The percentage of Americans 30 and younger who told Pew they never doubt the existence of God has fallen to 68 percent. That’s a 15-point drop in just five years.
The verdict is still out regarding the cause, with believers and nonbelievers unable to identify a single culprit. In a recent panel on CNN’s Newsroom, Don Lemon and his two atheist guests indicated that technology and the Internet might be to blame. It’s now possible to fact check your pastor’s sermon while sitting in the pews, or to find an online community that supports religious questioning.
How ironic, then, that Boston College’s Church in the 21st Century Center believes that technology is part of the answer to the movement of young people away from religion. They launched an iPhone application with that aim in mind last fall — renewing the faith of the Millennials is now just a click away.
“Digital media is a critical component in engaging younger generations,” says Erik Goldschmidt, the center’s director. “If you want to get their attention, you have to use the tools that they use.”

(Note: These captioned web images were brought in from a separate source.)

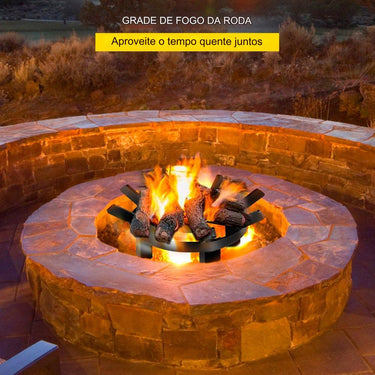 Grelha de Fogo Redonda em Ferro Fundido com Padrão Ondulado - 12 Polegadas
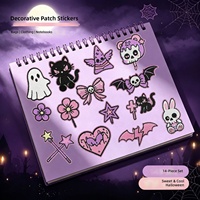 Patch thermocollant rose à bords pailletés, motif chat, sac, fleur, fantôme, nœud violet d'Halloween pour veste en jean et sac à dos DIY
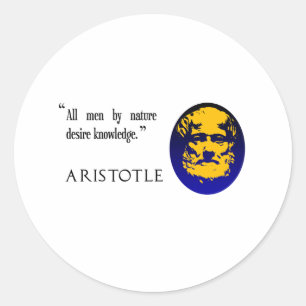 Aristoteles über Wissenskleber Runder Aufkleber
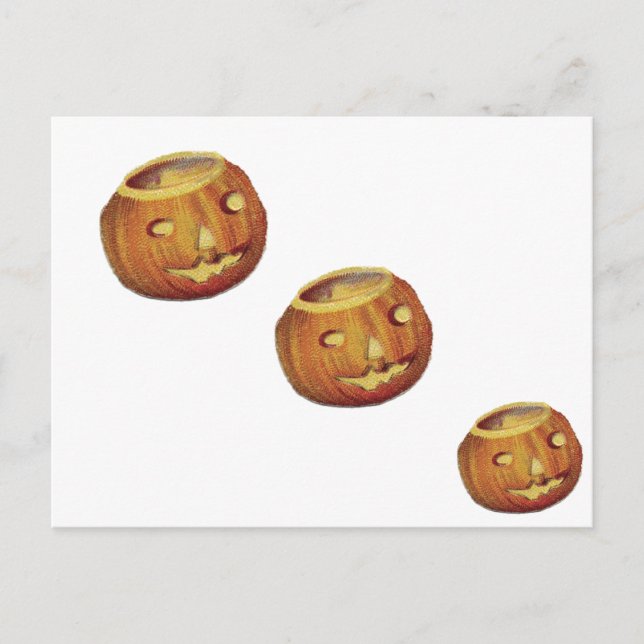 Alt modischer Halloween-Jack-O-Lantern Postkarte (Vorderseite)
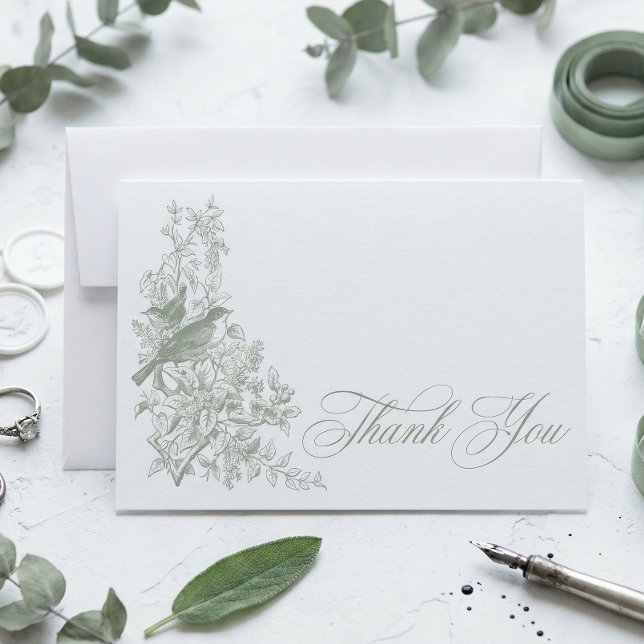 Tarjeta De Agradecimiento Elegant Sage Chinoiserie Nature Bird Bridal Shower (Subido por el creador)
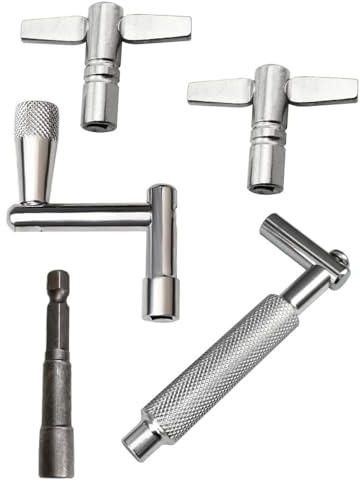 Jiayouy 5 Stück Square Lug Drum Tuning Schlüssel mit kontinuierlicher Bewegung Geschwindigkeit Schlüssel Percussion Hardware Werkzeug für Schlagzeug Zubehör verchromt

The C21 Center was founded in 2002 in response to the sexual abuse scandal in the Catholic Church. Originally conceived as a two-year initiative, the organization quickly extended its mission to address other issues facing the Catholic community — including handing on the faith to young people.
The C21 app is the first of its kind. Developed last year and rolled out last fall, it has tools that allow users to engage and deepen their faith. It connects users to articles and videos published by the center, and allows them to upload their own faith-related content. It even has a tool called “Pray for Me,” which allows users to post prayer requests for themselves or a loved one.
“We’re taking the models of social media that are already out there, and we’re re-purposing them for the app in a faith-based lens,” says Karen Kiefer, the center’s associate director.
Kiefer says the app has thousands of downloads so far, and hundreds more are expected this fall when the incoming freshman class arrives on campus. But, I have to wonder: Does C21 really have what it takes to compete for their attention alongside apps like Instragram and Spotify?
“I hope it will inspire people to unplug. At the very least, I hope it will make them think about God,” says Keifer.
While the app alone isn’t likely to affect the rise of religious doubt among young people, it’s noteworthy for the effort it demonstrates in connecting with them. It’s unclear whether it’s disconnection or dissatisfaction that’s causing Millennials to turn away from religion. It seems likely that both factors play a part. As people spend more and more of their time online, religious organizations are going to have to throw their hat in the digital ring if they have any hope of reaching Millennials and persuading them that God exists.